The US tariff announcements are reshaping the global trading landscape. Here’s an insight into the implications for the technology sector.

The recent announcement of sweeping tariffs by the US has significantly impacted the share prices of technology companies, which have been among the hardest hit. The technology sector faces a challenging landscape with the tariffs poised to significantly impact consumer device manufacturers and online retailers alike. Additionally, the ongoing trade war with China has intensified as the US has increased tariffs on Chinese goods to 125% in response to retaliatory measures taken by China. This situation could further impact US technology and AI companies due to their reliance on importing rare minerals from China.

With the 90-day pause on the tariffs for the rest of the countries, the Republic of Ireland now faces a 10% tariff as part of measures imposed by the US on the EU. The Irish government is looking at a “considered and measured" response that would focus on productivity and competitiveness.

Simon MacAllister, Co-Head of Geopolitical Strategy at EY Ireland, sits down with Grit Young, EY-Parthenon Partner and Technology, Media & Entertainment and Telecommunications Industry Leader at EY Ireland, to gain her insights on the matter.

Simon MacAllister: Considering that many technology companies focus more on services than on goods, should we be surprised that technology stocks have experienced a decline?

 

Grit Young. It's a mixed bag. On one hand, the recent drop in share prices is primarily driven by companies heavily affected by global supply chain disruptions, such as online retailers and consumer technology device manufacturers. On the other hand, many other technology stocks have shown resilience. However, semiconductors stand out as a significant exception, currently under scrutiny by the US administration. Previously, investors and business leaders were optimistic that tariffs would not severely impact AI technology companies.
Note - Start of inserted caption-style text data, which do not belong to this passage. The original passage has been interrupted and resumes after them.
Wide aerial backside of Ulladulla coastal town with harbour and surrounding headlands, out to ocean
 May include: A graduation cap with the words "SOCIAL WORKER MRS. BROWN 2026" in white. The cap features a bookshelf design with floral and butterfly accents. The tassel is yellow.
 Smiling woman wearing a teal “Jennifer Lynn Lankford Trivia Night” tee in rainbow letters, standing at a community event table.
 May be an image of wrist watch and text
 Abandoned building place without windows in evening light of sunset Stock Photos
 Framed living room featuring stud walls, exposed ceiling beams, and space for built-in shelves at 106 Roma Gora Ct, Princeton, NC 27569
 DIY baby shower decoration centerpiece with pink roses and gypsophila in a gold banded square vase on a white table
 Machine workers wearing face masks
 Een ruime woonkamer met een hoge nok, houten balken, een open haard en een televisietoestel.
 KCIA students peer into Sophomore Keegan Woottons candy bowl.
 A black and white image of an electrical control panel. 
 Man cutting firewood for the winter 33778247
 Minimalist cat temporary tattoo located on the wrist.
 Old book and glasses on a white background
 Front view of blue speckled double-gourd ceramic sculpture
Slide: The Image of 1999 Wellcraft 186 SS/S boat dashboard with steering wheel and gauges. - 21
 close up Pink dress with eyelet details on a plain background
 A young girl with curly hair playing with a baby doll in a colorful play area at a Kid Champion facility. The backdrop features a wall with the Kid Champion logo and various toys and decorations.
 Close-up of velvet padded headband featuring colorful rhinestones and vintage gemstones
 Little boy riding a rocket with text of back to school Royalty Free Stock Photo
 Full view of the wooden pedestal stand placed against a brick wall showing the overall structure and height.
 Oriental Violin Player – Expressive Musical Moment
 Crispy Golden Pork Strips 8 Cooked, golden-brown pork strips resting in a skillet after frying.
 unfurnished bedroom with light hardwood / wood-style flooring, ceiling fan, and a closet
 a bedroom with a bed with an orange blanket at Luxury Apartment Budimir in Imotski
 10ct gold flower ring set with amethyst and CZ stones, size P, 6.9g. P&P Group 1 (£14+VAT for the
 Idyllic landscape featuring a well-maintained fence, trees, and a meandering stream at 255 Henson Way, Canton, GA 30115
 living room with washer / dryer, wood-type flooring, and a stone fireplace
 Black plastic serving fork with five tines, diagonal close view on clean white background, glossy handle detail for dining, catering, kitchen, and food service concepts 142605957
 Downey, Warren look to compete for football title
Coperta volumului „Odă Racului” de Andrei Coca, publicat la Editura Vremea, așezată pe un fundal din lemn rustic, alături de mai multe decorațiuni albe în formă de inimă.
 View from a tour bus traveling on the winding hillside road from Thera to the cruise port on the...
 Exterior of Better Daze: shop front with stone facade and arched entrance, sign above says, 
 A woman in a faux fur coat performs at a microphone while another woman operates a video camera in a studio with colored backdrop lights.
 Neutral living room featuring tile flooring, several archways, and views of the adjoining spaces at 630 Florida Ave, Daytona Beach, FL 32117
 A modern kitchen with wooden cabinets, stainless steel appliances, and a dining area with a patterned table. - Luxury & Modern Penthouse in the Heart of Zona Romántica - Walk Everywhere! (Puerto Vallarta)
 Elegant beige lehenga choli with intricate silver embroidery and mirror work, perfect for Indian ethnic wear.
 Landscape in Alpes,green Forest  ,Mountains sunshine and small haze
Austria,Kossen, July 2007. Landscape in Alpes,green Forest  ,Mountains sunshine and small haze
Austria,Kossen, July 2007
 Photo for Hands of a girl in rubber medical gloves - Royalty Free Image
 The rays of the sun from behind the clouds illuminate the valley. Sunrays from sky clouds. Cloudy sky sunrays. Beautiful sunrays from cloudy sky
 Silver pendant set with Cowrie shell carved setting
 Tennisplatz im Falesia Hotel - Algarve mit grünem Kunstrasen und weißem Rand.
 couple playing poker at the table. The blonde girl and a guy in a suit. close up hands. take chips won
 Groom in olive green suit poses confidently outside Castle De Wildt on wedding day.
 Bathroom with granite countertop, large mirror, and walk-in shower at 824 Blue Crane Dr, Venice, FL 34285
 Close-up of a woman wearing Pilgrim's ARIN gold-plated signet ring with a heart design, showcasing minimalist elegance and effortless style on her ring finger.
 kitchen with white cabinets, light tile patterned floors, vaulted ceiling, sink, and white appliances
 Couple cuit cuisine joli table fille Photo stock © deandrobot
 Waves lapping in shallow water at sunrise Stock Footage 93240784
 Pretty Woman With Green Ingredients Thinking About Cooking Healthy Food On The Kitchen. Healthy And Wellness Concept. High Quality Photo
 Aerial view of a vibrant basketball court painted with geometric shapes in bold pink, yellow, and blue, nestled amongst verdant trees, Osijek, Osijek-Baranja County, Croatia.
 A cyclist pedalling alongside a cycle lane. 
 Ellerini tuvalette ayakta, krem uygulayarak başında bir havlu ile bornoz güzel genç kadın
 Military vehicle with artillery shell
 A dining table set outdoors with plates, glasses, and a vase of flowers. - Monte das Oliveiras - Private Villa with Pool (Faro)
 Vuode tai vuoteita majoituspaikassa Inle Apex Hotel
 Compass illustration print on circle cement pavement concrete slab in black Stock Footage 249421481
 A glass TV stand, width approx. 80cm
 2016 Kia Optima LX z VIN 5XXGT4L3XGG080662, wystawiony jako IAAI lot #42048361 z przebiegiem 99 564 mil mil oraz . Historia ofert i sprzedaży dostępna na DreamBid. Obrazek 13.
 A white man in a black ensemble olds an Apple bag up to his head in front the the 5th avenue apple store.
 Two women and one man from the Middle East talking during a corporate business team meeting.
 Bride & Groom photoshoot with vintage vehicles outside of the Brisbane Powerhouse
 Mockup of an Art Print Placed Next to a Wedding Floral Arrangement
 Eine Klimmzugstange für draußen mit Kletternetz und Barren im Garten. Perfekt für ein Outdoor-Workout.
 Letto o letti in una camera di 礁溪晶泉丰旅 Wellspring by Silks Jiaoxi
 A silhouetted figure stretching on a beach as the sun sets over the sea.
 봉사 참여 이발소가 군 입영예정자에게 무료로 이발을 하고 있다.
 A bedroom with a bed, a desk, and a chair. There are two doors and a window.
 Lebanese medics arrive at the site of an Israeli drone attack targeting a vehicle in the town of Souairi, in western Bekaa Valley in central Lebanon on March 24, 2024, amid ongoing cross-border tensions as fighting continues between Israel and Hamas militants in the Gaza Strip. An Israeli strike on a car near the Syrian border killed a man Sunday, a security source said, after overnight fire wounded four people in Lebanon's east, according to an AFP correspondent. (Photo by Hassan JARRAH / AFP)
However, the recent announcement of the extensive tariffs and the firm stance could indicate potential challenges ahead.

 

Simon: Technology as a sector has complex supply chains. How will the new tariffs affect the complex supply chains within the technology sector, and what strategies can be employed to reimagine the supply chains at this time?

 

Grit: It will be tricky to reimagine supply chains. Much of the world’s technology supply chain, especially around consumer devices, is not easily moved. It relies on significant knowhow and the right type of labour and skills. Analysis by The Economist noted that an iPhone manufactured entirely in the US could cost the consumer US$3,500, a significant increase from the current price of around US$1,000. 

 

It's therefore still likely to be cheaper to keep production of smartphone devices overseas despite the spiralling tariffs costs. 

 

Online retailers that rely heavily on goods from the Far East and operate on thin profit margins may face challenges to their business models. Larger retailers, however, are likely to absorb tech development costs and could regain some margin by passing these costs onto consumers.

 

The impact on the broader technology sector will vary. Perhaps more volatility is yet to come. Companies in the cloud computing space, for instance, may not feel immediate effects. The U.S. is a major exporter of services while importing goods, and if a full trade war develops—especially in light of recent sweeping measures and China’s response—service providers could be targeted by countries worldwide, particularly in the EU. 

 

While tariffs cannot be directly imposed on services as they are on goods, taxation is possible. The EU had been advancing the concept of a digital services tax before reaching bilateral agreements on Pillar II. Additionally, the EU could increase anti-competition fines, impose penalties for data breaches, and reduce protections for U.S. owned intellectual property. If enacted, these measures would significantly impact many technology companies due to their global presence.

 

Simon: Do you anticipate the technology industry will experience long-term pressures due to the new tariffs?

 

Grit: The technology industry generally depends on strong profit margins to fund investments in future technologies and innovations. The most probable outcome is a substantial decline in profit margins for many tech companies. Investors have already begun reallocating their funds from equities to safer assets, which will hinder technology companies' ability to invest in innovation, including AI.

 

As the most innovative companies of the past two decades begin to feel the strain and reduce their investments, the negative impact on innovation—especially as AI reaches maturity—could be felt for decades to come.

 

Simon: What potential opportunities do you see arising for the technology sector as a result of the new tariffs despite the challenges they may present?

 

Grit: I believe there are regional opportunities, particularly for the EU, to advance in the technology sector. The EU has resolved to strengthen its critical infrastructure and defence capabilities. While this may not lead to optimal efficiency in markets and economies, it could foster greater resilience within the system. Increased global competition might also lead to a broader range of innovations.

Summary

Global trade is at an inflection point as new tariffs introduce complexities to supply chains and necessitate a reassessment of trade relationships.